The first creature was now recovering and came at Trilla. Trilla was angry. She could see that Sarai-chei was motionless and covered in blood. There was no time to waste on these ugly, grunting monstrosities. She picked up a heavy chair, and ripping off one leg, threw the rest of it at her attacker. The monster staggered back and then cast aside the chair. As it did, Trilla brought down the stout chair leg on its head and rained several blows in succession with the makeshift cudgel. The creature, howling, ran out of the door. Goldenhead, seeing its approach, drew her pistol, but it ran off into the distance. Trilla turned furiously to the second monster, which also fled.
“All clear in here,” shouted Trilla. “Hermya-chei, please see what you can do for Sarai-chei.”
Hermya and Goldenhead entered the house. Hermya went straight to the unconscious and bloodied body of Sarai.
“Can you do anything?” asked Trilla.
“She’s still alive,” said Hermya. “Badly hurt, but I think I can help.”
“Foul beasts. I should have killed them,” said Trilla.

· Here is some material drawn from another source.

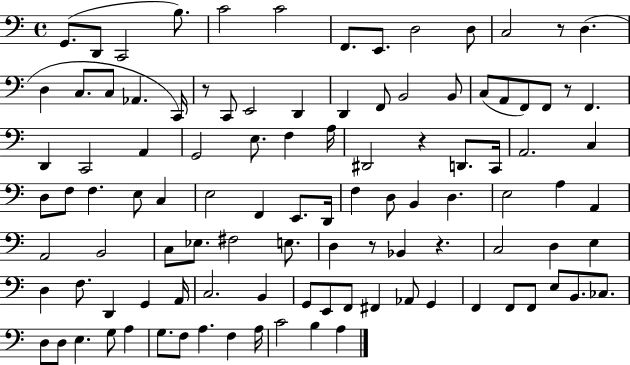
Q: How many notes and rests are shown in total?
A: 106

“You did what needed to be done,” said Goldenhead.
There were a few more chairs strewn around the room. Trilla fetched two of them and invited Goldenhead to sit down. She looked a little ruefully at the chair she had pulled apart and then smashed against a monster. She hated destroying the elements of a home, though really it seemed a laughable regret in view of the general destruction in this house and in the entire village.

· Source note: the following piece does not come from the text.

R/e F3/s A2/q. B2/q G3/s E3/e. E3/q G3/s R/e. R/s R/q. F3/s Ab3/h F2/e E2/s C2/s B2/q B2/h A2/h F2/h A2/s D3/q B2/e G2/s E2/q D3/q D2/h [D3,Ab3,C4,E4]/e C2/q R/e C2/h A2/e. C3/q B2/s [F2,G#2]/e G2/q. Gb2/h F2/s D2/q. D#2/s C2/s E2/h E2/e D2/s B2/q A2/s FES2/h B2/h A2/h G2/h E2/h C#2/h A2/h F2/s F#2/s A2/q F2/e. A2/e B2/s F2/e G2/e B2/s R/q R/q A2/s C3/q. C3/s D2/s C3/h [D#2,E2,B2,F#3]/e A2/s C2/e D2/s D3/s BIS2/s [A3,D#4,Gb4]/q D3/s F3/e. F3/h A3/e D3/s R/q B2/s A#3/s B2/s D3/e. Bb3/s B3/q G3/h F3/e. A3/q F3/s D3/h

Goldenhead seemed to guess what she was thinking and laid a hand on the back of Trilla’s hand. They were both quiet, not wanting to disturb Hermya’s work. After a few minutes, Hermya said, “She’s coming around.”
“How is she?” asked Goldenhead.
“Better than I had hoped. Some of her injuries were less than they seemed, but also she is healing amazingly.”
“You mean you are healing her amazingly, Hermya-chei,” said Trilla.
They came over to look at Sarai-chei. Hermya was still kneeling over her, and she was indeed stirring. There was color in her cheeks and there seemed to be no open wounds now.
“Trilla is right,” whispered Goldenhead. “You have improved astonishingly since you healed her yesterday.”
Sarai seemed fully awake now. She took Hermya’s arm in a surprisingly strong grip. “They’ve got my family. Please save them.”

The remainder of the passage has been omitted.